First, know these differences:
Autobiography – describes your life from birth to the present
Biography – describes someone else’s life from birth to the present
Memoir – describes a portion or an aspect of your life, such as your teen years or your career
Life Stories – shorter essays about your life or your family
Family History – longer stories about your family.
Note: Family history is different from genealogy, which traces family relationships from ancestors to descendants. Typically genealogies are portrayed in a family tree.
Decide which of these approaches is right for you.
What Should You Write About?
Try your hand at one or some of these subjects.
- The houses you’ve lived in, the trips you’ve taken, the pets you’ve loved.
- Advice someone gave you when you really needed it.
- Advice you’re glad you didn’t take!
- Rearing your children.
- Participating in political or civic activities.
- A profile of a parent, or special teacher, or neighbor.
- How you survived a crisis or difficult period in your life.
- Think of stories and anecdotes that circulated in your family such as the diligent uncle who injured his hand and had to stop working; an aunt’s inedible casserole she insisted on bringing to Thanksgiving dinner every year; the jokes or phrases that never failed to send family members into peals of laughter.
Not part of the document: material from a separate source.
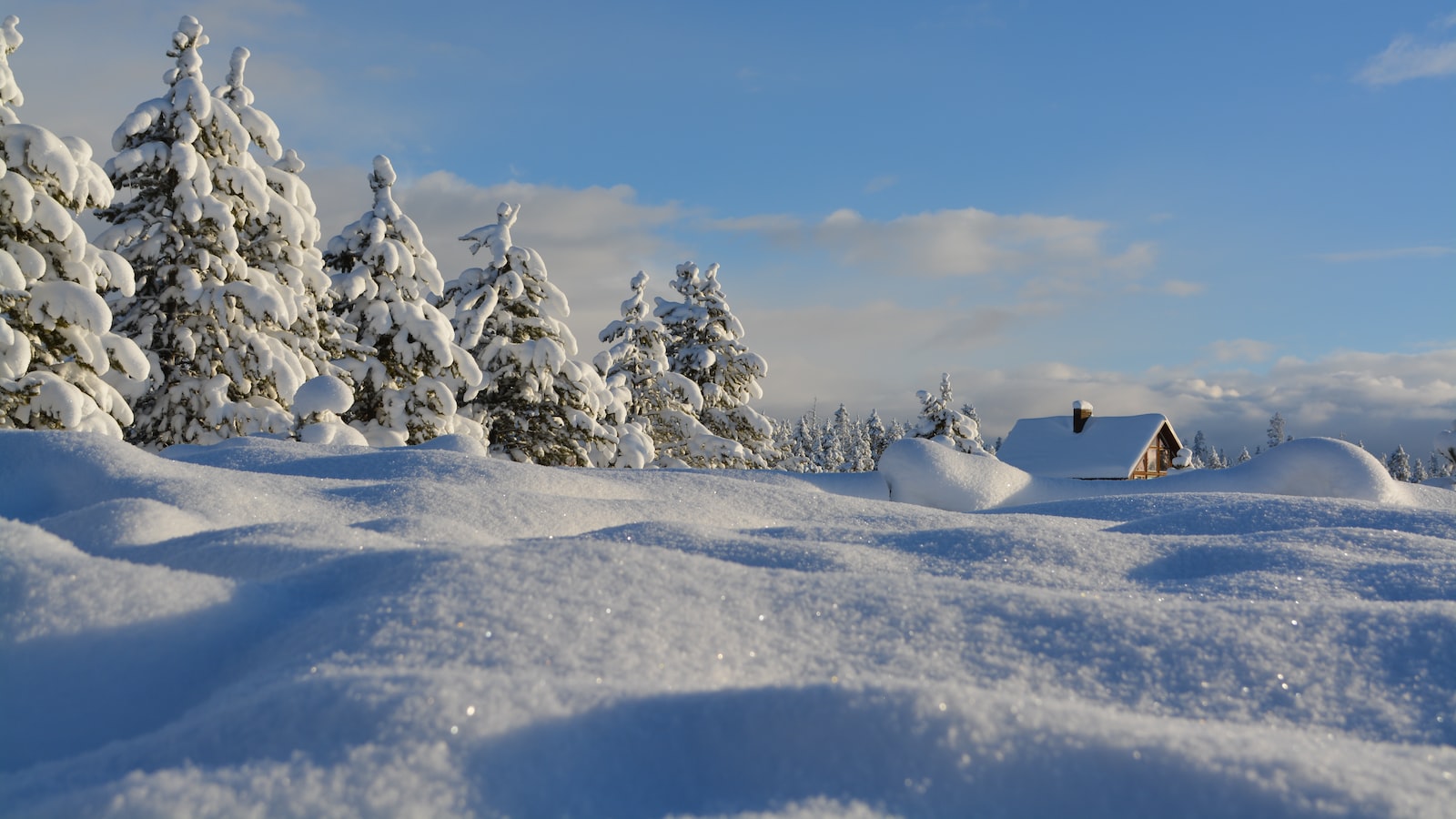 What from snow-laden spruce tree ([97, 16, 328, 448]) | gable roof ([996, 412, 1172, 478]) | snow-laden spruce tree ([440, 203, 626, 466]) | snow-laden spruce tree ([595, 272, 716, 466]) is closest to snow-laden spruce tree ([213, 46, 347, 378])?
snow-laden spruce tree ([97, 16, 328, 448])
Or, you might want to tackle tougher topics, such as:
- Facing a childhood bully.
- The worse teacher you ever had or the toughest academic subject you ever had.
- Something you’ve struggled with for years.
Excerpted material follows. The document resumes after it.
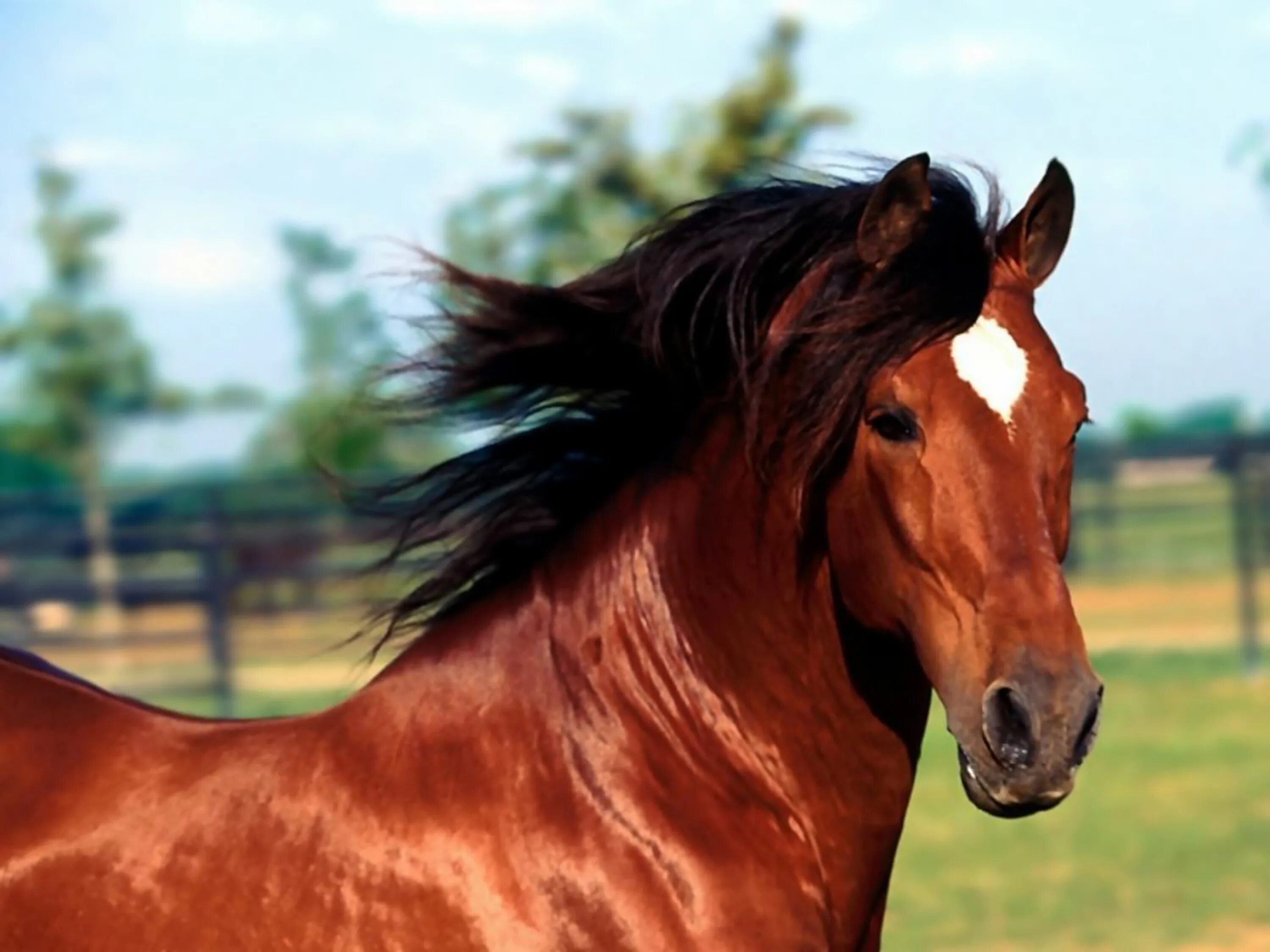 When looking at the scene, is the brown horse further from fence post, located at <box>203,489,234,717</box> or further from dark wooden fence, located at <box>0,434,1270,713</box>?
fence post, located at <box>203,489,234,717</box>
- What you would do differently, if you could live your life over.
The topics you can write about are almost limitless.
So, how do you get started?
- Go through old diaries, photos, postcards and letters. They will stir forgotten memories.
- Rummage through the attic and neglected cupboards to find ticket stubs from shows or dances you attended, your high school or college diploma, and any awards you earned.
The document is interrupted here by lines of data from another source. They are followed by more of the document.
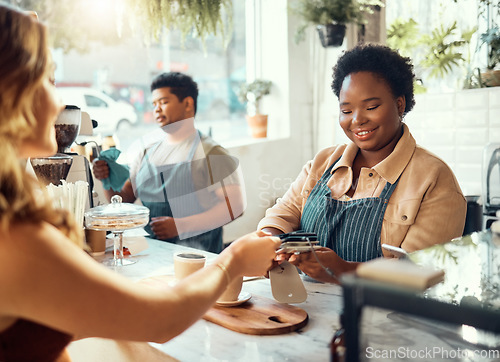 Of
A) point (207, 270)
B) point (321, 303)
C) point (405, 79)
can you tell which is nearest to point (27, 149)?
point (207, 270)

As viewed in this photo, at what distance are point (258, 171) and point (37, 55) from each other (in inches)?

- Ask friends and family members to help you remember details, incidents, and events.
When it’s time to write, don’t consider writing a book. Instead, think of little anecdotes, short essays. Maybe remembrances of holidays in your childhood home, or the time you were moving and were halfway down driveway before you noticed you forgot to put your pet in the car.
Taking a class dedicated to writing memoir, stories from your life, or family history is an excellent way to start and keep you writing. You’ll be able to share what you’re working on with others and get useful feedback, insights, and suggestions from them. Or like many people, you might prefer to work online or in-person with a nonfiction expert with experience in the type of stories you want to write—memoir, stories from your life, or family history. This coach can help you choose your topic(s), organize your project, find the right words to tell your stories, and keep you on track so you can experience the joy of reaching the finish line.
Make It Interesting
You want those who read your work to be engaged in what you have to tell them. You want them to look forward to reading from the first page to the last. How do you do that?
Include the senses, not just sight, but smells, which are very evocative of the past; sounds, and textures, tastes (flavors).
Include emotion. How did a particular event make you feel?
Use “juicy” words, that is, precise words with power and interest, rather than weak words such as “very,” “many,” and “nice.”
To stay inspired, remember: It’s not just a memoir, a story from your life, or a family history you’re creating. It’s a legacy!